> [Assignment]
Reproduce all the data exactly, without pictures.

> [Recorded information]
%%

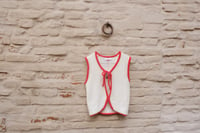 Image 1 of Gilet con fiocco fatto a mano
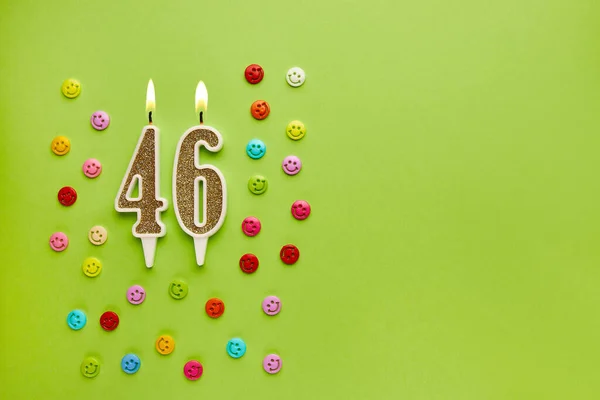 Number Pastel Green Background Colored Emoticons Happy Birthday Candles Concept — Stock Photo, Image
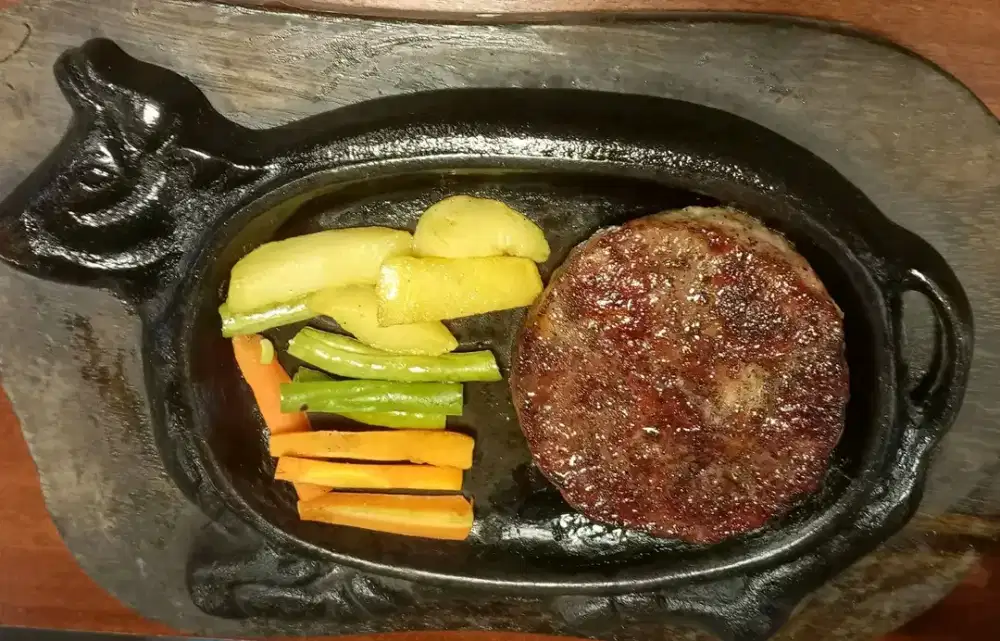 SEDANG MENCARI LOWONGAN PEKERJAAN TUKANG  MASAK/ KOKI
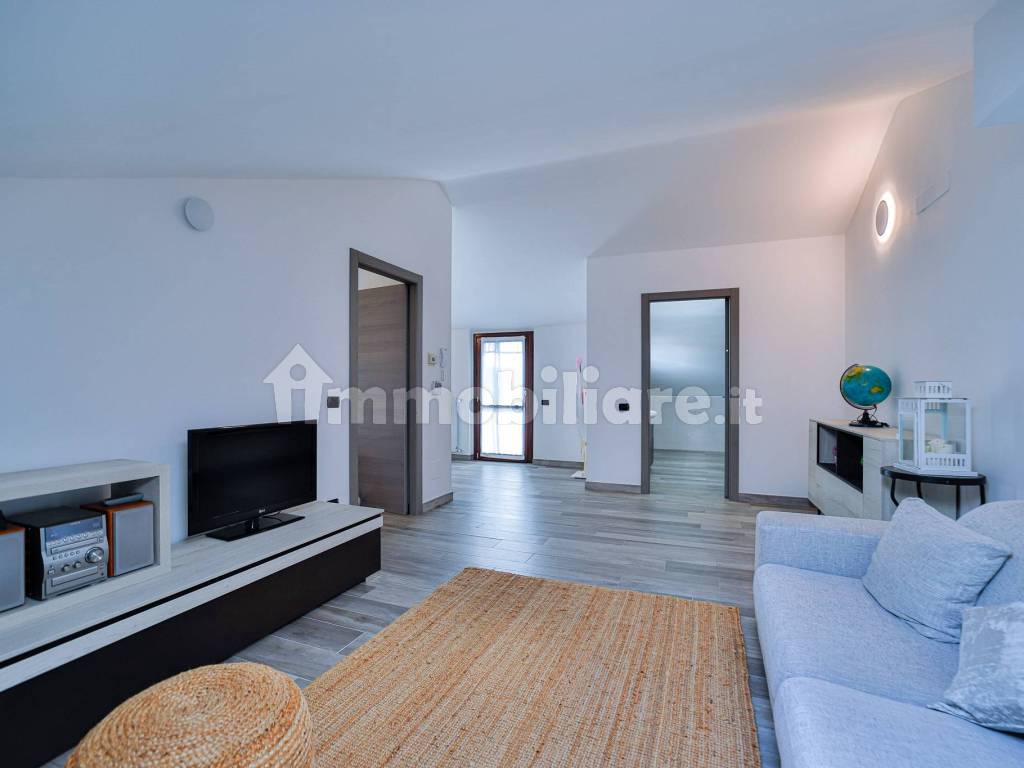 Salone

%%

> [The answer]
 Image 1 of Gilet con fiocco fatto a mano
 Number Pastel Green Background Colored Emoticons Happy Birthday Candles Concept — Stock Photo, Image
 SEDANG MENCARI LOWONGAN PEKERJAAN TUKANG  MASAK/ KOKI
 Salone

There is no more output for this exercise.